About this exercise:
Since pictures are not part of the copy, please output only the lines from the one with "Hello friends, welcome" through the end of the data below, exactly as written.

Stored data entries

[Start of section]

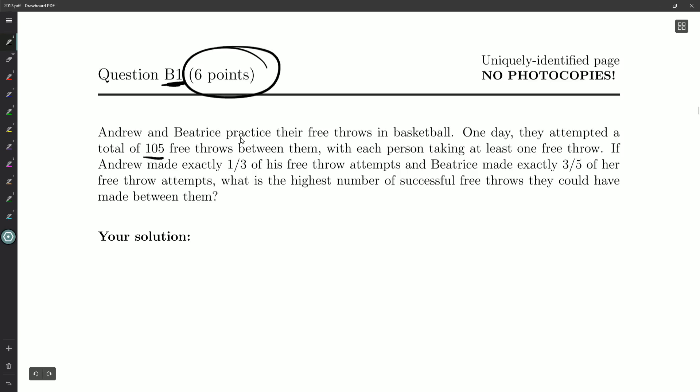So the highest number. And each person made at least one. At least one free throw.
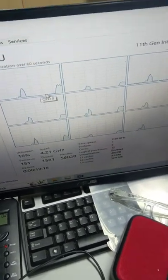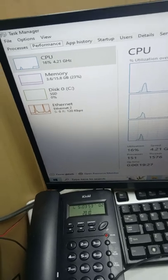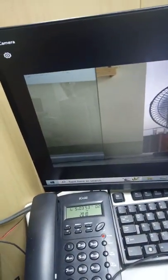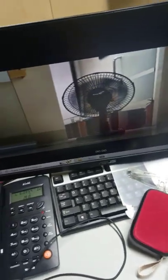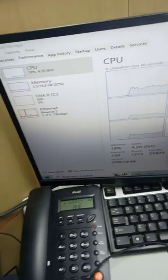This is an 11th gen i5, and with Cam Link Pro, when I start the camera — only one input — this is what happens to CPU: it goes to 16%. That's 16% CPU with just one input at 4K, downscaled to 1080p 30fps. When I turn off the camera it goes back to 0%. So that's 16 to 18% for one input.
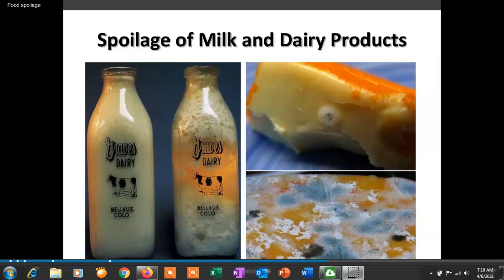Hello friends, welcome to my YouTube channel Microbiology by Santosh Napte. I am Assistant Professor Santosh Napte working in the Department of Microbiology, Sambajra Kendri Mahavadalaj Zalkot, District Latour.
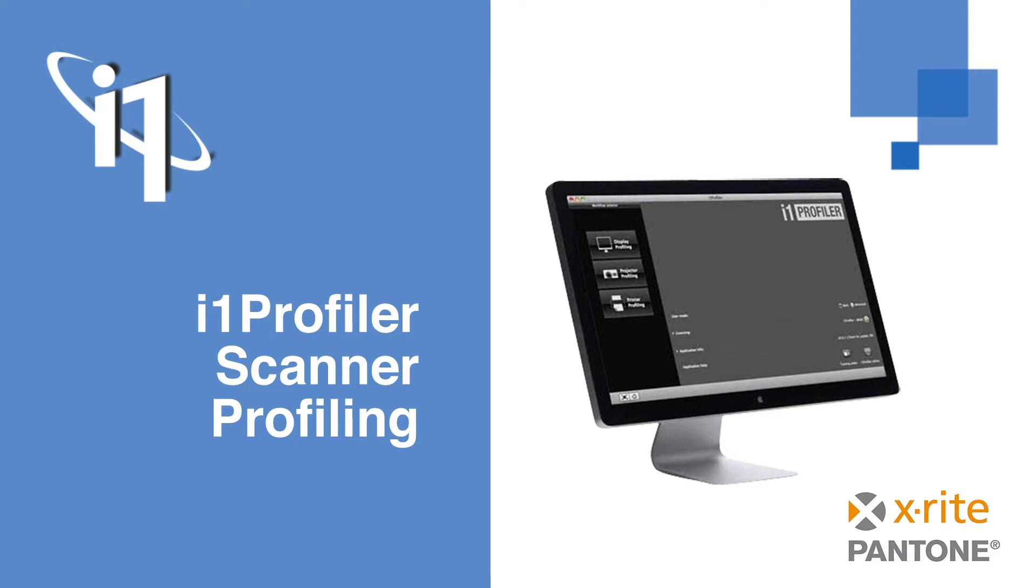A complete color-managed workflow starts with ICC profiles for these input devices. i1 Profiler includes a workflow to create ICC profiles for scanners which can be transmissive or reflective.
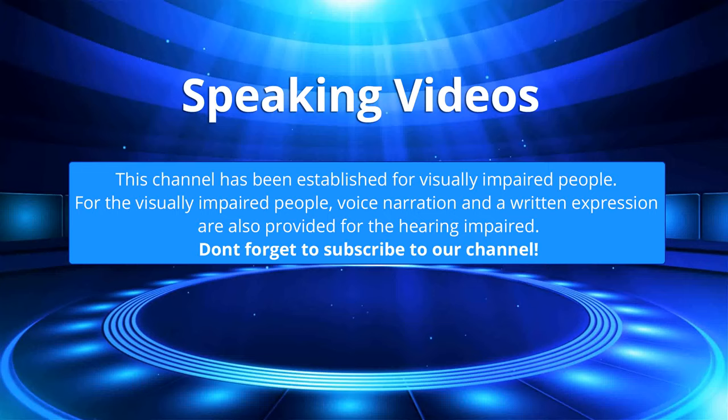This channel has been established for visually impaired people. For the visually impaired people, voice narration and a written expression are also provided for the hearing impaired. Don't forget to subscribe to our channel.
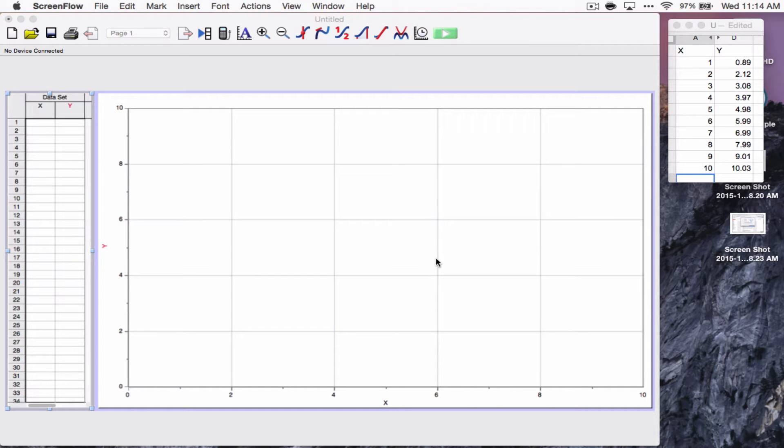Hi everybody. I've made some videos before about how to graph using Excel for your science classes, but today I'm going to show you how to graph using Logger Pro.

[End of section]

Task response:
Hello friends, welcome to my YouTube channel Microbiology by Santosh Napte. I am Assistant Professor Santosh Napte working in the Department of Microbiology, Sambajra Kendri Mahavadalaj Zalkot, District Latour.
A complete color-managed workflow starts with ICC profiles for these input devices. i1 Profiler includes a workflow to create ICC profiles for scanners which can be transmissive or reflective.
This channel has been established for visually impaired people. For the visually impaired people, voice narration and a written expression are also provided for the hearing impaired. Don't forget to subscribe to our channel.
Hi everybody. I've made some videos before about how to graph using Excel for your science classes, but today I'm going to show you how to graph using Logger Pro.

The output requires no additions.